(RHSA-2023:3742) Important: Red Hat OpenShift Data Foundation 4.13.0 security and bug fix update

Red Hat OpenShift Data Foundation is software-defined storage integrated with and optimized for the Red Hat OpenShift Container Platform. Red Hat OpenShift Data Foundation is a highly scalable, production-grade persistent storage for stateful applications running in the Red Hat OpenShift Container Platform.

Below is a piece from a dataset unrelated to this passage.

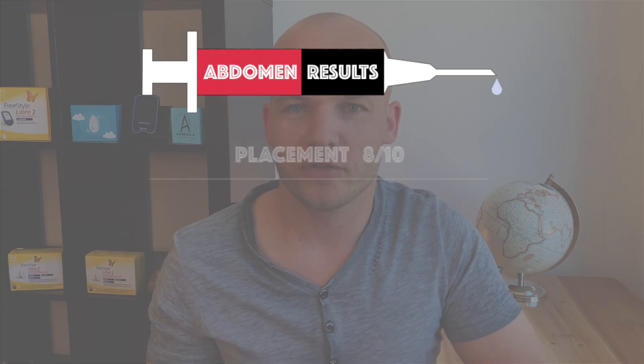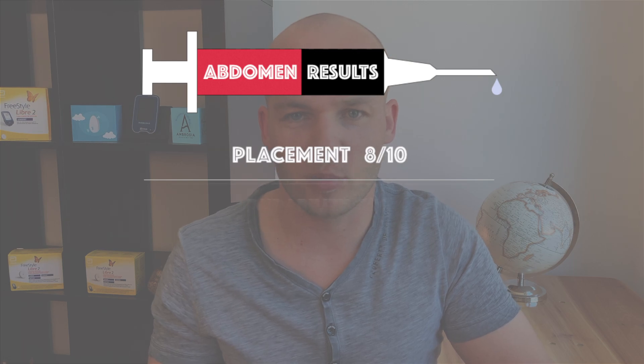I can imagine placing the sensor on your back would be a bit more challenging. As a friendly reminder: don't put the sensor in your muscle because that would be painful, and try to avoid spots where you typically apply insulin because that could negatively impact Libre accuracy. I gave the abdomen only 8 out of 10 points for placement because the area is less flat compared to an arm or a thigh. So not perfect, but good enough.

In addition to persistent storage, Red Hat OpenShift Data Foundation provisions a multicloud data management service with an S3 compatible API.

Security Fix(es):

• goutils: RandomAlphaNumeric and CryptoRandomAlphaNumeric are not as random as they should be (CVE-2021-4238)

• decode-uri-component: improper input validation resulting in DoS (CVE-2022-38900)

• vault: Hashicorp Vault AWS IAM Integration Authentication Bypass (CVE-2020-16250)

• vault: GCP Auth Method Allows Authentication Bypass (CVE-2020-16251)

• nodejs-ansi-regex: Regular expression denial of service (ReDoS) matching ANSI escape codes (CVE-2021-3807)

• go-yaml: Denial of Service in go-yaml (CVE-2021-4235)

• vault: incorrect policy enforcement (CVE-2021-43998)

• nodejs: Improper handling of URI Subject Alternative Names (CVE-2021-44531)

• nodejs: Certificate Verification Bypass via String Injection (CVE-2021-44532)

• nodejs: Incorrect handling of certificate subject and issuer fields (CVE-2021-44533)

• golang: archive/tar: unbounded memory consumption when reading headers (CVE-2022-2879)

• golang: net/http/httputil: ReverseProxy should not forward unparseable query parameters (CVE-2022-2880)

• nodejs-minimatch: ReDoS via the braceExpand function (CVE-2022-3517)

• jsonwebtoken: Insecure default algorithm in jwt.verify() could lead to signature validation bypass (CVE-2022-23540)

• jsonwebtoken: Insecure implementation of key retrieval function could lead to Forgeable Public/Private Tokens from RSA to HMAC (CVE-2022-23541)

• golang: net/http: handle server errors after sending GOAWAY (CVE-2022-27664)

• golang: encoding/gob: stack exhaustion in Decoder.Decode (CVE-2022-30635)

• golang: net/url: JoinPath does not strip relative path components in all circumstances (CVE-2022-32190)

• consul: Consul Template May Expose Vault Secrets When Processing Invalid Input (CVE-2022-38149)

• vault: insufficient certificate revocation list checking (CVE-2022-41316)

• golang: regexp/syntax: limit memory used by parsing regexps (CVE-2022-41715)

• golang: net/http: excessive memory growth in a Go server accepting HTTP/2 requests (CVE-2022-41717)

• net/http, golang.org/x/net/http2: avoid quadratic complexity in HPACK decoding (CVE-2022-41723)

• golang: crypto/tls: large handshake records may cause panics (CVE-2022-41724)

• golang: net/http, mime/multipart: denial of service from excessive resource consumption (CVE-2022-41725)

• json5: Prototype Pollution in JSON5 via Parse Method (CVE-2022-46175)

• vault: Vault’s Microsoft SQL Database Storage Backend Vulnerable to SQL Injection Via Configuration File (CVE-2023-0620)

• hashicorp/vault: Vault’s PKI Issuer Endpoint Did Not Correctly Authorize Access to Issuer Metadata (CVE-2023-0665)

• Hashicorp/vault: Vault Fails to Verify if Approle SecretID Belongs to Role During a Destroy Operation (CVE-2023-24999)

• hashicorp/vault: Cache-Timing Attacks During Seal and Unseal Operations (CVE-2023-25000)

• validator: Inefficient Regular Expression Complexity in Validator.js (CVE-2021-3765)

• nodejs: Prototype pollution via console.table properties (CVE-2022-21824)

• golang: math/big: decoding big.Float and big.Rat types can panic if the encoded message is too short, potentially allowing a denial of service (CVE-2022-32189)

For more details about the security issue(s), including the impact, a CVSS score, acknowledgments, and other related information, refer to the CVE page(s) listed in the References section.